ACTION ITEM - Exactly the lines from the one containing "Lezyne Tubby Bag Small Caddy Black" through the end of the data below are to be reproduced, and nothing besides them.

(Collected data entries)
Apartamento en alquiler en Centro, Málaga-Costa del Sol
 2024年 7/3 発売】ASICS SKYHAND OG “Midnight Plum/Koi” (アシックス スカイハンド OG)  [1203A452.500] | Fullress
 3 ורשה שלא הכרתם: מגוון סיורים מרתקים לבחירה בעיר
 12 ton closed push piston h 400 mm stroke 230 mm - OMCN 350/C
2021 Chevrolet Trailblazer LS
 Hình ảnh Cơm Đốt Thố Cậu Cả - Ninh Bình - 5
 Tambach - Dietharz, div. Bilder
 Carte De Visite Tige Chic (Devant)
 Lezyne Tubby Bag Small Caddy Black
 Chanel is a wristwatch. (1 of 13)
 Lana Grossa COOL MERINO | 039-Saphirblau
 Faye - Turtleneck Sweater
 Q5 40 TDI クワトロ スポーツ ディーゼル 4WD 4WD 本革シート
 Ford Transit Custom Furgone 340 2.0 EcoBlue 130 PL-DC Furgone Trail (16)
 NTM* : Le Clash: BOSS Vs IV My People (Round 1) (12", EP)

ANSWER BOX -
 Lezyne Tubby Bag Small Caddy Black
 Chanel is a wristwatch. (1 of 13)
 Lana Grossa COOL MERINO | 039-Saphirblau
 Faye - Turtleneck Sweater
 Q5 40 TDI クワトロ スポーツ ディーゼル 4WD 4WD 本革シート
 Ford Transit Custom Furgone 340 2.0 EcoBlue 130 PL-DC Furgone Trail (16)
 NTM* : Le Clash: BOSS Vs IV My People (Round 1) (12", EP)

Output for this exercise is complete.